土木工学科の笠井教授は、建設分野へ生分解性高分子ゲルを活用することを検討しており、東洋建設(株)が、コンクリートの養生材料としての利用に興味を持ったことで、共同研究がスタート。その結果当該技術の効果が認められたため、その方法を共同で特許出願するにいたりました。

知財管理

特許出願:国内1件「コンクリートの養生方法」

技術のポイント

コンクリートは型枠に打ち込んだ後、十分硬化するまでの期間(極初期材齢と称す)に表層部が急激な乾燥を受けると、品質の低下を招く場合があります。これを防ぐために、通常はビニールシートで表面を覆ったり、膜養生剤を散布したりしますが、風によってシートがずれ表面が荒れたり、乾燥を防ぎきれないという問題がありました。

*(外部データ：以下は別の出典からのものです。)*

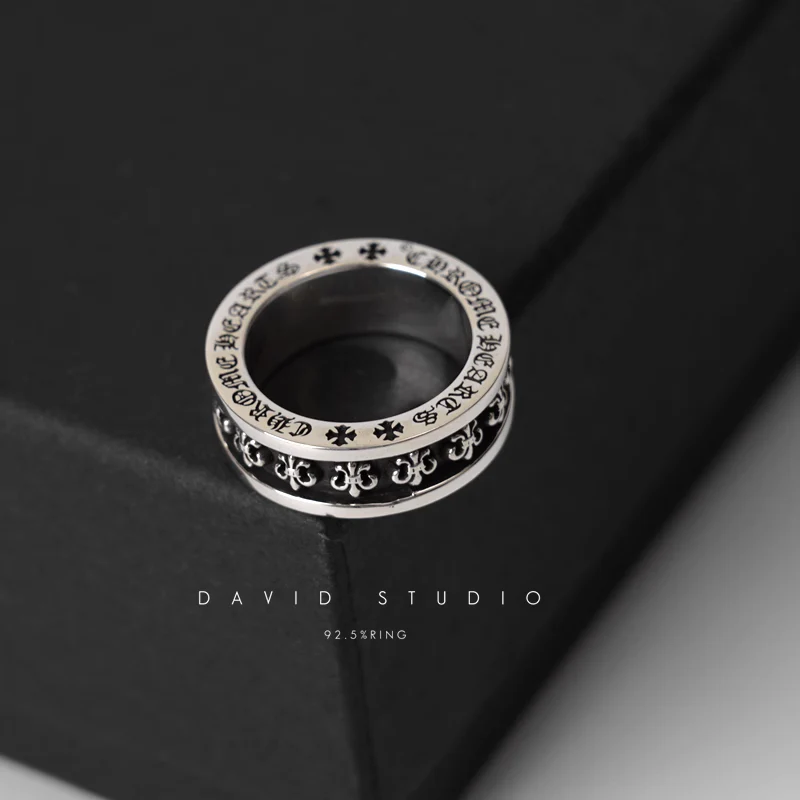 CHROME HEARTS SMALL BS FLEUR RING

本技術は、コンクリートを打ち込んでから「生分解性高分子ゲル」を表面に散布する方法で、これまでの問題点が改善されました。

活用技術の優位性

  1. 1.急激な乾燥による収縮を抑制。ひび割れ防止効果

    ゲルによって湿潤状態が保たれ、表面の急激な乾燥による収縮が低減。ひび割れの発生を抑制します。

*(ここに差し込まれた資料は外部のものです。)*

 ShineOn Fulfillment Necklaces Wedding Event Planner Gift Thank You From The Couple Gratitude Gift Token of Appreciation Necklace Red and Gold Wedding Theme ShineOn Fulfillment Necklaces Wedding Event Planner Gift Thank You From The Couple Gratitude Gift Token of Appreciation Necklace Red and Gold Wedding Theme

  2. 2.表層部分の品質が向上。強度と耐久性もアップ!

    ゲルの水分が徐々に蒸発する過程で、コンクリート表層部からの余剰水を吸水します。これにより、コンクリートの表層組織が綿密となり、強度と耐久性が向上します。

  3. 3.環境負荷が小さい

    ゲルの成分は植物由来のもので、微生物により数日から数カ月の間に自然に分解されるため、環境への心配も少なく、安心な材料です。

本工法はすでに、防波堤や桟橋など、風が強く乾燥しやすい環境における構造物の建設において採用されており、品質向上が確認されています。